Friends of Badock’s Wood has condemned the David Lloyd Club for trying to avoid paying a £31,000 community levy.
The Club’s recent planning application resubmission to the Planning Inspectorate rather than Bristol City Council will mean it is not liable to contribute £31,000 to the Community Infrastructure Levy.
The multi-million-pound leisure business originally applied to Bristol City Council to extend its building at the site in Southmead, adjacent to Badock’s Wood. At the same time, it had erected floodlit padel courts without permission. To avoid council enforcement, the Club then applied for retrospective planning permission for the padel courts and floodlighting.
David Lloyd then withdrew the spa extension application in May 2024. The padel court application continued through the process and was approved, with conditions, by the Council in November 2024. However, David Lloyd has now resubmitted the application with some amendments, but it has not gone to Bristol City Council this time.

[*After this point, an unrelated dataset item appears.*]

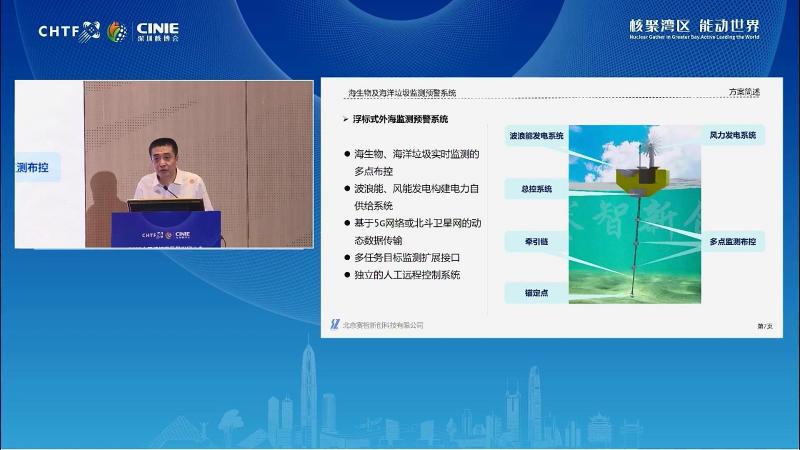 秦威:海生物及海洋垃圾监测收集系统方案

Currently Bristol City Council’s Planning Department is in ‘special measures’ due to the delays in deciding planning applications. This means that for large numbers of planning applications, the applicants can just side-step the local council and submit their application direct to the Planning Inspectorate where it will be decided by an officer.
This removes any possibility of the application being discussed in public at a local planning committee where local residents can ask questions and make statements, and where usually the ultimate decision would be made by locally elected councillors. The public can only send in emails in to the Inspectorate.
David Lloyd Club is also exploiting a loophole which means it will not be required to contribute any money under the Community Infrastructure Levy scheme. Had it submitted the application to Bristol City Council, it would be liable, if its application was approved, to pay £31,000 to the Council for the community.
The Chair of Friends of Badock’s Wood said: “David Lloyd has the opportunity to make a positive contribution to the local community in which it is based. It is a multi-million-pound company but is exploiting the system to not only deprive us of proper local democratic input but also to deprive the community of £31,000.
“It makes no contribution to Southmead, offers no community activities or sponsorship, draws its private club members almost entirely from outside of Southmead, and its development plans will add noise and light intrusion to Badock’s Wood and adversely impact the wildlife there, and to cap it all it has now chosen a pathway to actively withhold this money from the community.”